Two thirds of teachers in Scotland would support industrial action if schools don’t switch to blended or remote learning in level four, a survey has revealed.
Scotland’s largest teaching union, the Educational Institute of Scotland (EIS), found that 66% of respondents indicated a willingness to support industrial action – including strike action – in protest at failure to move to blended or remote learning in areas under the tightest restrictions.
It was also revealed that just 31% of teachers either feel ‘safe’ or ‘very safe’ in schools under the current safety measures in place.
Of those who took part in the survey, 33% indicated that they were in a vulnerable category or cared for someone who was vulnerable.
Vulnerable groups include those who were shielding, people identifying as BAME and pregnant women.
In areas under level four restrictions, 51% of survey respondents believe that remote learning should be introduced on safety grounds.
A further 45% of teachers supported either a blended learning approach or maintaining current arrangements but with additional safety mitigations in place when in level four.
For those areas in level three, the survey showed that there is clear support for schools remaining open – with 86% of respondents backing this option.
There was still significant support for a blended learning model in these areas however, with just under half of teachers (48%) believing this should be in place to enable physical distancing.
Keeping schools open a “priority”
Despite the increasing calls to move to a blended learning model, the survey did also show that 64% of respondents either ‘supported’ or ‘fully supported’ the Scottish Government decision to prioritise keeping schools open where possible.
Speaking last week, Nicola Sturgeon said: “I’m aware there are some people who argue that schools should be closed at level four however our very clear view is that the harm done to young people by closing schools significantly outweighs any impact that schools have on transmission.
“Keeping schools open is therefore a priority.”
The EIS has repeatedly said that schools remaining operational cannot come at the expense of teacher and pupil wellbeing.”

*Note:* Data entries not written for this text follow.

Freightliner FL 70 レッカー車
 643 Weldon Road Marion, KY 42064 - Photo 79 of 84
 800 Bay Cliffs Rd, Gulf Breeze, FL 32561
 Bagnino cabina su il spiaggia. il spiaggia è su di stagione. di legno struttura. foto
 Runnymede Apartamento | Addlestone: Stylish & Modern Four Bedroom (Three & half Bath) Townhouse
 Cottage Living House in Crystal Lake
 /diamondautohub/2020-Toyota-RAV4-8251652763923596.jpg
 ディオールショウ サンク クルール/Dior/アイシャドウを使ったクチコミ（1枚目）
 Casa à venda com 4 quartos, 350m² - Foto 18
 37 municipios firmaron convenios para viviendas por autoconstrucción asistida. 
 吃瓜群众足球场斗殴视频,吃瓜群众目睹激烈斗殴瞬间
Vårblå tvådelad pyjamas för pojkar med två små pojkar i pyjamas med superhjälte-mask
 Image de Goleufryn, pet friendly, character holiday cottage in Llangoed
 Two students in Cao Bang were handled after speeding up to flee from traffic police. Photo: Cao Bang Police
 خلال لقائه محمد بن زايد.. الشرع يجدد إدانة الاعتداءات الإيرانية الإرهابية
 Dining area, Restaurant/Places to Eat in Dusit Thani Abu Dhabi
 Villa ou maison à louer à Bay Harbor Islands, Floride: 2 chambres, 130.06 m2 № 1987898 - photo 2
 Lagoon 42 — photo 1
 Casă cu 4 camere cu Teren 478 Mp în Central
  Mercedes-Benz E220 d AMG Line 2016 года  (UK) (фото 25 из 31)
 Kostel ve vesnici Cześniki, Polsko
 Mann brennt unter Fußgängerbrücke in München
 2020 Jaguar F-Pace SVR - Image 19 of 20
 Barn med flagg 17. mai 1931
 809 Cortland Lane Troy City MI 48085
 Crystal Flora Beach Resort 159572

Larry Flanagan, EIS general secretary
Commenting on the results of the survey, EIS general secretary Larry Flanagan argued that although keeping schools open was supported by the majority of teachers, it should not come at the expense of their safety.
He said: “Although members hold a range of opinions on the best means of keeping pupils and teachers safe, there is clear support for moving to industrial action in higher risk areas to protest where teachers feel that the measures required to keep schools safe have not been delivered.
“The EIS has repeatedly said that schools remaining operational cannot come at the expense of teacher and pupil wellbeing.
“Just as importantly blended and remote learning models are increasingly being adopted to stem increases in COVID community infection levels.
“For Level 4 restrictions to be as effective as we would wish them to be, short term closure or part closure of schools need to be considered.”